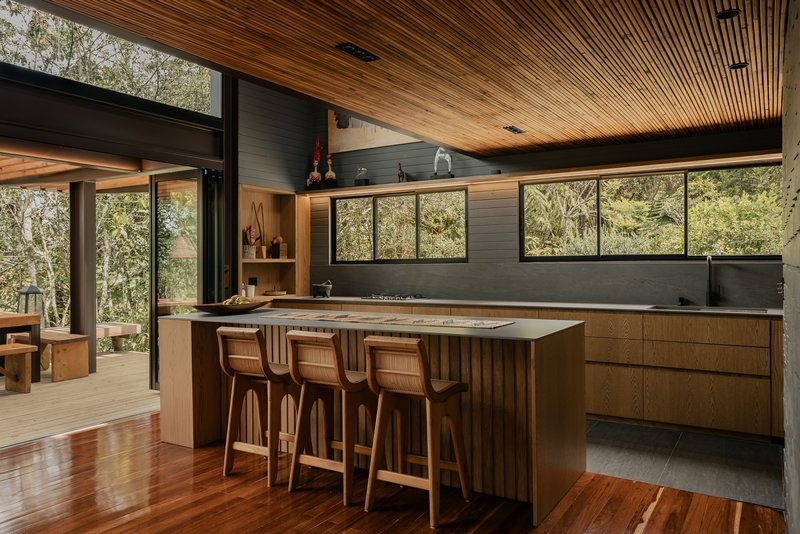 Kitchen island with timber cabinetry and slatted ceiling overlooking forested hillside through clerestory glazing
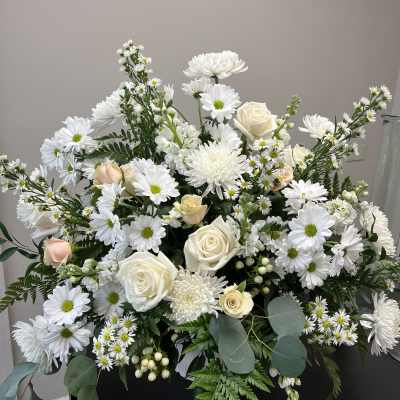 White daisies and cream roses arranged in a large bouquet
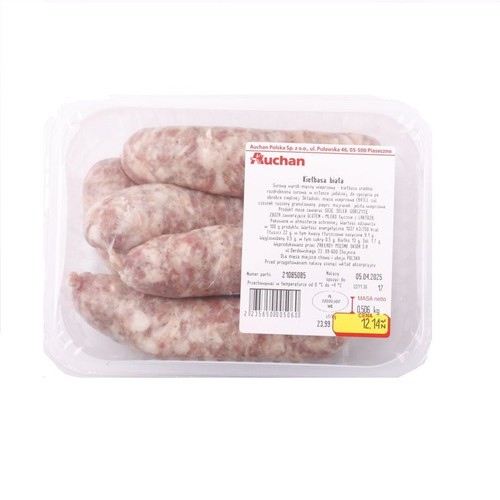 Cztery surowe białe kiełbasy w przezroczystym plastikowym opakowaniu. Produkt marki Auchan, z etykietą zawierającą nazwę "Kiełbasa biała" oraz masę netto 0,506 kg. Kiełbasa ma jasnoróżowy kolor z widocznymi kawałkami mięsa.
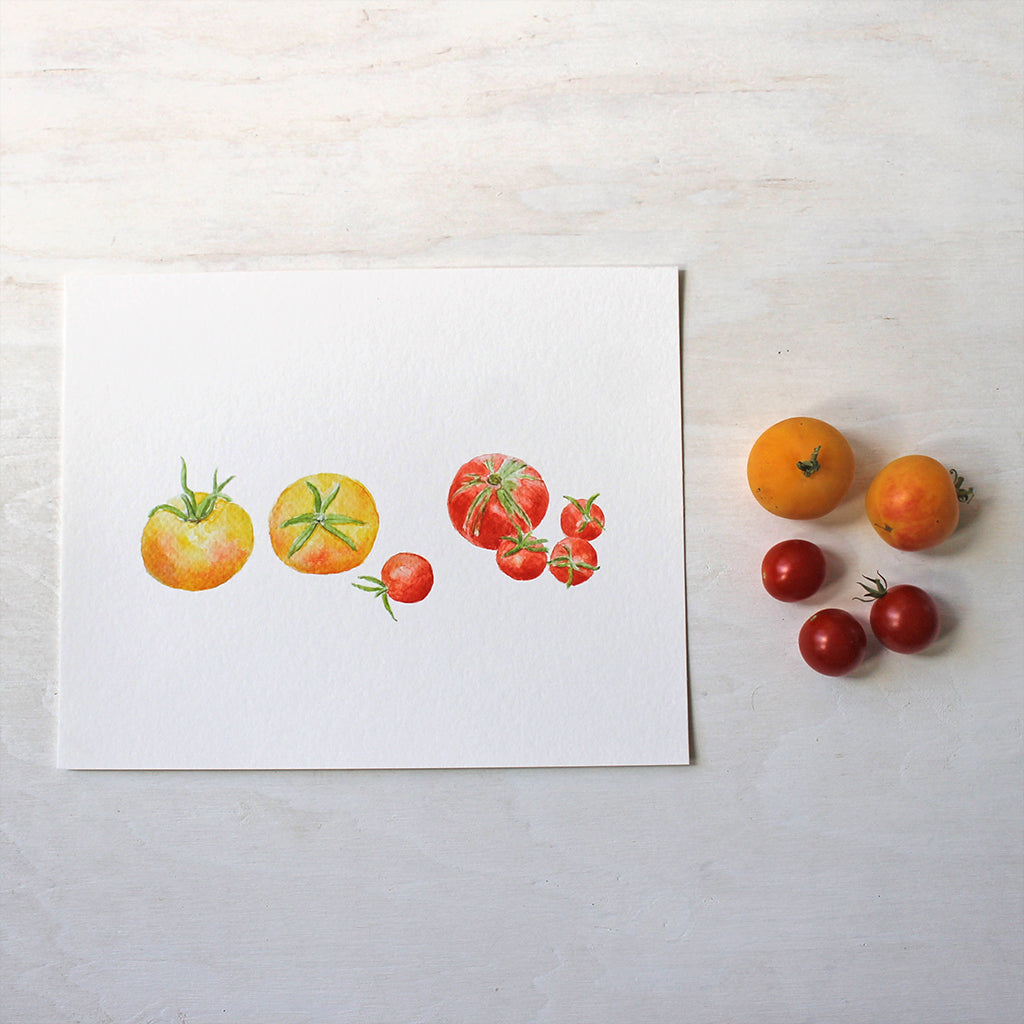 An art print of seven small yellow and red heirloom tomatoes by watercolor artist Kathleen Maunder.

Work task: Give back exactly the lines from the one that contains "White daisies and" to the final line of the data above, both included, with all pictures removed.

Task solution:
 White daisies and cream roses arranged in a large bouquet
 Cztery surowe białe kiełbasy w przezroczystym plastikowym opakowaniu. Produkt marki Auchan, z etykietą zawierającą nazwę "Kiełbasa biała" oraz masę netto 0,506 kg. Kiełbasa ma jasnoróżowy kolor z widocznymi kawałkami mięsa.
 An art print of seven small yellow and red heirloom tomatoes by watercolor artist Kathleen Maunder.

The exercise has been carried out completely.